A 30-year-old homeless man named Joshua Lambert stabbed his grandfather repeatedly and tied up the elderly man’s sister with clear packing tape, leaving her to lie helplessly and watch her brother die, according to a report by the Island County Sheriff’s Office.
But the horror didn’t end there. Lambert is a suspect in a second deadly stabbing that occurred a short time later at a different North Whidbey home, Island County Prosecutor Greg Banks announced in court Tuesday afternoon.
The victims are both 80 years old and they are both Lambert’s grandfathers. Island County Sheriff Mark Brown identified them as George Daniel Lambert and August Eugene Eisner.
The motive for the killings, Banks said, was that Lambert “desperately wanted firearms” and the victims resisted.
Lambert, looking confused and unsure, made his preliminary appearance in Island County Superior Court Tuesday afternoon. He’s initially facing charges of first-degree murder and first-degree kidnapping. Banks asked the judge to hold Lambert without bail under a new state law that was passed in the wake of the quadruple police killings in Lakewood. He said “the horrific and violent nature of the stabbing” was “clear and convincing evidence of Lambert’s propensity for violence.”
In addition, Banks pointed to Lambert’s lengthy criminal record. He said Lambert had served a five-year sentence in Alaska for assault with a deadly weapon and had returned to Whidbey Island sometime in the last year. In Washington, he has felony convictions for unlawful possession of a firearm and malicious mischief, as well as seven gross misdemeanor convictions.

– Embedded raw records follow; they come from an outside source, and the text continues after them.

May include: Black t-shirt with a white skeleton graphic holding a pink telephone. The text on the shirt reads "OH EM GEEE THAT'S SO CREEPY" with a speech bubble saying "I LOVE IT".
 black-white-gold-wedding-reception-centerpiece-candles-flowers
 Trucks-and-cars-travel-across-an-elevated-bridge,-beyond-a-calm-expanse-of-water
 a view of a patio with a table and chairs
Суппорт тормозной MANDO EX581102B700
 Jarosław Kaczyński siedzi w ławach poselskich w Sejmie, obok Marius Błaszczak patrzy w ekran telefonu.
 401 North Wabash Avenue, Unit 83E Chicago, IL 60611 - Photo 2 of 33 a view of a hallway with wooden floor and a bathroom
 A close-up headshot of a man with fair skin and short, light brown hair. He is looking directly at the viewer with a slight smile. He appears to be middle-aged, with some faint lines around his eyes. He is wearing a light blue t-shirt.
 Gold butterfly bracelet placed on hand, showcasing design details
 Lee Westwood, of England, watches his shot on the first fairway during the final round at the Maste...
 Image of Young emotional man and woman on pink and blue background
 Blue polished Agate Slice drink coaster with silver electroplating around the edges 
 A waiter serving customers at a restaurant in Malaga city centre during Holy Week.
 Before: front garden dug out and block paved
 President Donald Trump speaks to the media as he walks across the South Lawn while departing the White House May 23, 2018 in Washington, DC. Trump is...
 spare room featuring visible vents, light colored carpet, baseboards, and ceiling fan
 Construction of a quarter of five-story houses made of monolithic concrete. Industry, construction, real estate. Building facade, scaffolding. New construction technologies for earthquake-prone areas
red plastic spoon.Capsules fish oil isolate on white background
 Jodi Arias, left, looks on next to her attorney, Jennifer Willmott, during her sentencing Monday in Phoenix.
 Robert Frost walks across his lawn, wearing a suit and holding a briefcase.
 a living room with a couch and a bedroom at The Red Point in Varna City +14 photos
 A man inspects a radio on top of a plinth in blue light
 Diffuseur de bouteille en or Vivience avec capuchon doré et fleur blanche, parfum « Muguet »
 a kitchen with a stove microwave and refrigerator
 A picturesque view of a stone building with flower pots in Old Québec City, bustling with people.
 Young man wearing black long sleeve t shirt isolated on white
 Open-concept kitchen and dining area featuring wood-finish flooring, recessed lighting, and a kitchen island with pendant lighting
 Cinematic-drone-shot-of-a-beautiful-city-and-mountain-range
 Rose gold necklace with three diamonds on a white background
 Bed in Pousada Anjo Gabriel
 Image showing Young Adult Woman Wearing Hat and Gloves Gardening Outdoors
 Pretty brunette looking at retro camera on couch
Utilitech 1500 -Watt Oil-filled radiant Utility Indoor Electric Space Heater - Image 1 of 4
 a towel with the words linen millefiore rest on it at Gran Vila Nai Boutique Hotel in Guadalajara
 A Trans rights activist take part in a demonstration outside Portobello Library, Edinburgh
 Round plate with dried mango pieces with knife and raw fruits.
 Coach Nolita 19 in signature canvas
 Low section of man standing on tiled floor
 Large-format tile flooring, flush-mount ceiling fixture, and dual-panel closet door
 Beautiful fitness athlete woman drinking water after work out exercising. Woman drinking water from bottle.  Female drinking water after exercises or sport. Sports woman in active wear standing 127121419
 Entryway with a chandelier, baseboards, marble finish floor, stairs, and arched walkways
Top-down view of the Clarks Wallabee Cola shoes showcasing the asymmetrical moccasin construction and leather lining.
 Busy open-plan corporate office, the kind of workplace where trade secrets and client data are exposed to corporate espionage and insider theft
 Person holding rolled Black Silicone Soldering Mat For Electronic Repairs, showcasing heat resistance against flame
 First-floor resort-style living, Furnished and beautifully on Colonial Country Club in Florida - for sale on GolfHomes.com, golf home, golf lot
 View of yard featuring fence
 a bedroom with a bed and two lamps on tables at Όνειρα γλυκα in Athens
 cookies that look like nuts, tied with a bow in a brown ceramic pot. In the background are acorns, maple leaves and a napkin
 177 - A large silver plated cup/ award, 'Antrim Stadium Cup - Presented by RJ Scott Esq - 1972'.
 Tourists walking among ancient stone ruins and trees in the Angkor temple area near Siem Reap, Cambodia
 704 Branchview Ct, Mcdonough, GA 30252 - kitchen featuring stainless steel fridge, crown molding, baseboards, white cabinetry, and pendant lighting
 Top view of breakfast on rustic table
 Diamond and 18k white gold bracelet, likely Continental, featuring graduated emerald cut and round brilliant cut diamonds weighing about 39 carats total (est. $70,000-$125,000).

Banks said Lambert is a transient who does not appear to have support in the community. He emphasized that Lambert faces a lengthy sentence, a minimum of 27 to 28 years in prison, if convicted of the crimes.
Judge Vickie Churchill agreed with Banks’ assessment and ordered that Lambert be held in jail without bail.
The affidavit of probable cause written by Detective Ed Wallace describes the events that occurred at George Lambert’s home on Oldenburg Lane, just west of Oak Harbor city limits. George Lambert’s sister, 66-year-old Kay Gage, lived at the home with her brother.
Gage told detectives that she was outside the house at about 1:30 p.m. when Joshua Lambert came walking up the driveway and asked to see his grandfather. Lambert went into the house, but Gage heard a commotion a few minutes later and went to investigate.
She entered the house and saw the younger Lambert holding what she thought was an ice pick in his blood-covered hands. He struck her over the head with the handle, bound her hands and feet with packing tape and demanded to know where the guns were, the affidavit states.
“Kay was left on the floor at George’s feet where she watched him die while she heard Joshua ransack the house for approximately an hour,” Wallace wrote.
Finally, Lambert took the keys to Gage’s Chrysler Pacifica and left after threatening to kill her if she called the police, the report states. Nevertheless, she managed to get her hands loose enough to get hold of her brother’s cell phone and call for help.
Island County Sheriff Mark Brown said Gage’s physical injures were relatively minor.
“There was a lot of mental trauma from what she witnessed,” he said.
Deputies responded to the scene of the murder at about 3 p.m., then received another 911 about a half an hour later from a home on Hastie Lake Road. They discovered the body of August Eisner, who had also been stabbed to death, but the assailant was gone.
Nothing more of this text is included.